Lors de la première réunion de son nouveau Conseil de la paix, tenue le 19 février, Donald Trump a proposé un plan ambitieux pour la reconstruction de Gaza. Cette instance, qui vise à résoudre les conflits à l’échelle internationale, se veut un acteur alternatif face aux Nations Unies. L'événement a eu lieu dans un Institut pour la paix récemment baptisé du nom de Trump, à Washington.
La réunion a rassemblé 47 pays, dont certains ne sont pas membres à part entière du Conseil, ainsi que l'Union européenne dans un rôle d'observateur. Au centre des discussions, la reconstruction et la stabilisation de Gaza, ainsi que l'envoi de milliers de soldats dans le cadre d'une force de stabilisation (ISF) qui devrait atteindre jusqu'à 20 000 militaires, selon le général américain Jasper Jeffers.
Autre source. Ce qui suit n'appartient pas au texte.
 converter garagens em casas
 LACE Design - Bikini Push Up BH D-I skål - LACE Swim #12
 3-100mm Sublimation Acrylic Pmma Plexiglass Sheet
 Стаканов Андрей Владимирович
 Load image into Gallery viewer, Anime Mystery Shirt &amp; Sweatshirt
L'Indonésie, représentant la majorité musulmane dans la région, a accepté d'assumer le rôle de commandant adjoint de cette force, en fournissant 8 000 soldats. D'autres pays, comme le Maroc, le Kazakhstan, le Kosovo et l'Albanie, ont également promis de contribuer à l'effort militaire. Par ailleurs, l'Egypte et la Jordanie s'engagent à former des policiers locaux, poursuivant ainsi le but de stabilisation en cours.
Concurrence à l'ONU
Trump, en tant que président du Conseil de paix, a la prérogative d'inviter d'autres dirigeants à rejoindre l'instance et peut facilement modifier leur participation. Il a annoncé que plusieurs nations du Golfe avaient déjà promis plus de 7 milliards de dollars pour aider à la reconstruction de Gaza, tandis que les États-Unis s'engagent à hauteur de 10 milliards de dollars pour soutenir l'ensemble des activités du Conseil de paix.
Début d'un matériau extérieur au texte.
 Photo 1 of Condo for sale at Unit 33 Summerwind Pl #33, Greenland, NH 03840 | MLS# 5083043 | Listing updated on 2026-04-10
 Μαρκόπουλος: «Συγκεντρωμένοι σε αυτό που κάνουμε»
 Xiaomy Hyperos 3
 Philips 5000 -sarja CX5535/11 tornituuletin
Ce nouveau conseil a pour mission d'instaurer une paix durable dans les régions affectées par des conflits, avec un accent fort sur Gaza. Cela pourrait représenter une forme de concurrence directe avec l'ONU. Trump s'est exprimé à ce sujet, affirmant que l'ONU a un grand potentiel mais ne l’a jamais réalisé'', indiquant ainsi son intention de surpasser les efforts de l'organisation mondiale dans ce domaine.
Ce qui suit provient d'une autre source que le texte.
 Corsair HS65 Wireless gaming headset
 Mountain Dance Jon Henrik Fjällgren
La composition du Conseil de paix comprend des pays s'alignant sur les idéaux de Trump, mais aussi des nations ayant des intérêts stratégiques en rapport avec Gaza. Parmi les invités figurent des observateurs comme l'Italie et l'Allemagne, tandis que des pays comme la France n'ont pas vocation à y participer. La Chine, bien que conviée, n'a pas encore annoncé d'intentions de participation, laissant planer des doutes sur la portée de cette nouvelle alliance internationale.